Interpellé par ‘’EnQuête’’ sur les impacts économiques de l’annulation des dettes des pays africains comme souhaité par le président Macky Sall, le professeur d’économie à la faculté des Sciences économiques et de Gestion de l’Ucad, Ahmadou Aly Mbaye, soutient que cette annulation pourrait apporter aux pays africains ‘’plus de marges de manœuvre financière’’. ‘’Parce que le service de la dette pèse lourd dans nos budgets. Donc, si on annule ces dettes, cela permettrait aux gouvernements d’avoir plus de marges de manœuvre financière, afin d’augmenter leurs investissements et leurs dépenses de transfert. On a vu ce que l’Initiative PPTE avait apporté dans les années 2000. Cela permet d’augmenter de façon substantielle nos investissements pour combler le gap infrastructurel, mais également de se lancer dans les services sociaux comme l’éducation, la santé, la nutrition. Ce qui se passe, c’est qu’il y a un choc extraordinaire et les pays africains subissent de plein fouet les conséquences. Il y a des situations aussi exceptionnelles qui risquent de mettre en péril la stabilité des pays. Donc, c’est normal qu’on puisse compter sur la communauté internationale’’, explique l’économiste.

Et concernant la structure de la dette de ces derniers, le Pr. Mbaye signale qu’elle dépend des pays. ‘’Mais on les qualifierait de pas encore non-maitrisable. La dette est encore maitrisable. Mais la tendance de son évolution est importante pour la plupart de nos pays. C’est plus le rythme de croissance que le niveau de la dette rapporté au PIB qui pose problème’’, dit-il.

À souligner que les institutions de Bretton Woods que sont la Banque mondiale et le FMI ont plaidé, ce mercredi, pour le gel des dettes bilatérales des pays les plus pauvres qui en feront la demande. Cependant, l’économiste précise que ce que ces institutions ont fait, ‘’c’est dégager une position de principe’’ autour des pays. ‘’Il appartient maintenant à chaque pays de mettre en branle sa machine pour négocier avec les partenaires bilatéraux. Le FMI et la Banque mondiale sont des institutions multinationales qui ne peuvent pas dicter leur conduite aux pays’’, affirme-t-il.
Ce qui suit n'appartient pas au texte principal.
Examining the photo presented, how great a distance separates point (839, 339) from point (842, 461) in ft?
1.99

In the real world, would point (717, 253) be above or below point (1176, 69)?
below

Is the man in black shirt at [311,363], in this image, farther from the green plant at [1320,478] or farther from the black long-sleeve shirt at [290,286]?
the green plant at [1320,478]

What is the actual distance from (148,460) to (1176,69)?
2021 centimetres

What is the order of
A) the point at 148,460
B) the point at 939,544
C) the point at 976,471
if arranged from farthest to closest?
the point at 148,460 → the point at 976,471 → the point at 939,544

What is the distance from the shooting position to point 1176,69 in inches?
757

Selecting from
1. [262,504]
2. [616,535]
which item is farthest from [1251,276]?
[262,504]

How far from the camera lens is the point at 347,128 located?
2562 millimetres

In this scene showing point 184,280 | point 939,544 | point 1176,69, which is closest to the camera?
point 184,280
Les pays étant souverains et la diplomatie, souvent bilatérale, notre interlocuteur estime que ce qui risque de se passer va ‘’plutôt être le fruit d’actions entreprises au niveau bilatéral’’ entre pays partenaires. ‘’Les États-Unis, la France, le Japon, etc., les grandes puissances ne vont pas forcément écouter ce que le FMI ou la Banque mondiale dira par rapport à cette question. Ils vont peut-être même apprécier les relations qu’ils entretiennent individuellement avec les pays et prendre des décisions par rapport à cela’’, conclut-il.